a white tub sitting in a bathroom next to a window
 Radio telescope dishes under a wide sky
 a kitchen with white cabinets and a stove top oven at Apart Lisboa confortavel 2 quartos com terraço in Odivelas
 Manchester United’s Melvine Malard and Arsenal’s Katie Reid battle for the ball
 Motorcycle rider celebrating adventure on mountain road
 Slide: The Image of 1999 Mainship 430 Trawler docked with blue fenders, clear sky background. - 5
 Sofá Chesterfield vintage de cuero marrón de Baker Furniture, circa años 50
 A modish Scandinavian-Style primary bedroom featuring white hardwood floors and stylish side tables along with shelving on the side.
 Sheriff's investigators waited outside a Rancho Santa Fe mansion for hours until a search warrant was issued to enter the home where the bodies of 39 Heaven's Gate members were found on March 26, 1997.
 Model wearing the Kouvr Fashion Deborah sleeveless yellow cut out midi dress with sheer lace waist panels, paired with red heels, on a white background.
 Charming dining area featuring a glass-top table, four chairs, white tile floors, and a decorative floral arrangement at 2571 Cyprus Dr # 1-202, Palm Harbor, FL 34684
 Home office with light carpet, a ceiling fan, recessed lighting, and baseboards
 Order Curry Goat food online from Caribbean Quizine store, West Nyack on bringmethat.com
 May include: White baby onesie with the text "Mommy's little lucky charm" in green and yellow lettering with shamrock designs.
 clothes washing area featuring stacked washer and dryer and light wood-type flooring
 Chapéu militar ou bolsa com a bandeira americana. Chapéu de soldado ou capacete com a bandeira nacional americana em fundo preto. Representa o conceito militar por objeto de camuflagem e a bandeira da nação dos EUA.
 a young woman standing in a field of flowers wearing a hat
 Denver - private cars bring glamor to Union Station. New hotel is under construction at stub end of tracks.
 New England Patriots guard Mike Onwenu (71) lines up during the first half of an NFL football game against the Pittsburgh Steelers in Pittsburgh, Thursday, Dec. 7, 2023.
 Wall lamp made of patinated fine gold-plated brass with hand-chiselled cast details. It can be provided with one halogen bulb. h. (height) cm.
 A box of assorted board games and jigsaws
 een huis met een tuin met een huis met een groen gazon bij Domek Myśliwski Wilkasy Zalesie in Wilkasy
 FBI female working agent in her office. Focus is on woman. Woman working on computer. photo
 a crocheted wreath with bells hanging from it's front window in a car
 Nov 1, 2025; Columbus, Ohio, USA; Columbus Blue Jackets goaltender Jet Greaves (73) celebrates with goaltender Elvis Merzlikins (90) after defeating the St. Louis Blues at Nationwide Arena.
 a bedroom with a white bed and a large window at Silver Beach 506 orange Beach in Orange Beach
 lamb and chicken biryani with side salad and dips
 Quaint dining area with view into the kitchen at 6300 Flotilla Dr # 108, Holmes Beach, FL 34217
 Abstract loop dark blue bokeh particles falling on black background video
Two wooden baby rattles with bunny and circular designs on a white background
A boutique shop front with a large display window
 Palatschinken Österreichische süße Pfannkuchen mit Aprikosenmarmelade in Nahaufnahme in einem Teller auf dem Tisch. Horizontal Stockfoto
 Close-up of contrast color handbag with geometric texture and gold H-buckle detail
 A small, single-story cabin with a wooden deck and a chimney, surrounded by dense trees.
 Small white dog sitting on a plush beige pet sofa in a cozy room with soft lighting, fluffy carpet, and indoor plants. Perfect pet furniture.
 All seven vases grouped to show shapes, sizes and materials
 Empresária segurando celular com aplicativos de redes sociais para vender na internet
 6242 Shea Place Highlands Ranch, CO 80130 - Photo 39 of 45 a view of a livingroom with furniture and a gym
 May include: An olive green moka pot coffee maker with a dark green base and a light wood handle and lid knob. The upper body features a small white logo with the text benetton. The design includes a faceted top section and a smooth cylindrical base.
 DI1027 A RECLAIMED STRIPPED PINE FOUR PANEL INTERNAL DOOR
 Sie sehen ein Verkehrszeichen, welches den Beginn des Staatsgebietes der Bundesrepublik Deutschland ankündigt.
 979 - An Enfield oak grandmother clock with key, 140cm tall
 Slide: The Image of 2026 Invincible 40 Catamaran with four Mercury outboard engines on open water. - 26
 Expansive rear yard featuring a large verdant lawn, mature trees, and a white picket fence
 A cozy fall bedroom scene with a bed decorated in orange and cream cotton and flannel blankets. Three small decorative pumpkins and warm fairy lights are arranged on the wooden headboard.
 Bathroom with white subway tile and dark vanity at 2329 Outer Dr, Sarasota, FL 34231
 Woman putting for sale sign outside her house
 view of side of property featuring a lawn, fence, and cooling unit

:::::

The task: Output, unchanged, only the lines from the one that holds "DI1027 A RECLAIMED" through the last line of the material above.

Completed exercise:
 DI1027 A RECLAIMED STRIPPED PINE FOUR PANEL INTERNAL DOOR
 Sie sehen ein Verkehrszeichen, welches den Beginn des Staatsgebietes der Bundesrepublik Deutschland ankündigt.
 979 - An Enfield oak grandmother clock with key, 140cm tall
 Slide: The Image of 2026 Invincible 40 Catamaran with four Mercury outboard engines on open water. - 26
 Expansive rear yard featuring a large verdant lawn, mature trees, and a white picket fence
 A cozy fall bedroom scene with a bed decorated in orange and cream cotton and flannel blankets. Three small decorative pumpkins and warm fairy lights are arranged on the wooden headboard.
 Bathroom with white subway tile and dark vanity at 2329 Outer Dr, Sarasota, FL 34231
 Woman putting for sale sign outside her house
 view of side of property featuring a lawn, fence, and cooling unit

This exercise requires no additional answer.